With the popularity of snowboarding growing every season, more and more people are hitting the slopes with the latest gear for the very first time.
Whilst many will hit the pistes, not as many would be found riding the park and the terminology and technicalities of the latest tricks still remain a mystery to a number of snowboarders.
However, with the emergence of slopestyle and half pipe events in the Winter Olympics, let me fill you in with some of the basics.
Those wanting to learn even the most basics of tricks will first start with an Ollie. This originates (like many) from skateboarding, and was founded by an American skateboarder called Alan ‘Ollie’ Gelfard.
The aim of the Ollie is to get maximum elevation off the ground and often on the ‘take off’ for a jump. It is effectively shifting your weight onto your back foot whilst pulling your front foot in air, then using the flex of the board to pop your back foot into the air, gaining as much height or “Air” as possible. After successfully landing this trick, you can then move on to rotations.

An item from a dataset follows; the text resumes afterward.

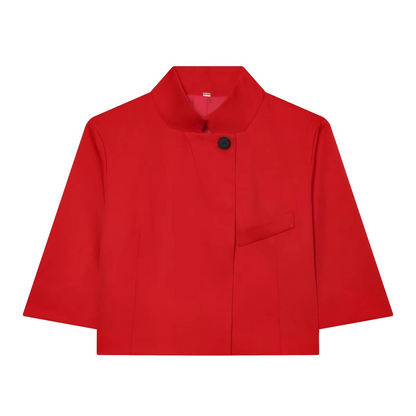 Women’s Cropped Blazer – Chic High-Neck Short-Sleeve Jacket with Button Detail for Spring, Summer, Office Wear and Casual Outfits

The easiest rotation is a 180, this is effectively half a turn whilst in the air. A 360 is turning your board all the way around, landing in exactly the same direction as you set off (1 complete rotation). A 720 is two turns, 1080 is three turns and 1440 is four turns.
The first one to try is called a Frontside 180. This trick is basically combining what you’ve learnt so far, starting off by popping yourself into an Ollie, and whilst in the air, rotating your body so you are facing the landing as you rotate before completing half of a turn.
A Backside 180 is exactly the same except you rotate your body so you are facing away from the landing as you turn.
Whilst these may seem basic, they can score highly when performed with style.
Next step is to throw a grab in. Some of the basic grabs to master are Nose, Tail, Stalefish, Melon, Mute and Indy.
A nose grab is basically just grabbing the front of your board with your leading hand. A tail grab is the opposite, grabbing the tail of your board with your trailing hand.
A melon is grabbing the middle of your board behind you with your leading hand, and as you can imagine, a stalefish is the same except you use your trailing hand to grab your board.
A mute and indy grab is the opposite to a melon and stalefish. For this grab you grab the front of your board instead of the back. If you use your leading hand, it is a mute grab, use your trailing hand and it becomes an indy.
These grabs can become even more stylish by combining them with a rotation. The bigger the rotation, the more points they are worth! Combining grabs and “tweaking” the board will also improve the scores.
And there you have it! You’ve now learnt the basic tricks of snowboarding. There are more complex combinations involving front, back flips, corks etc and these will be explored further on the approach to the Olympics.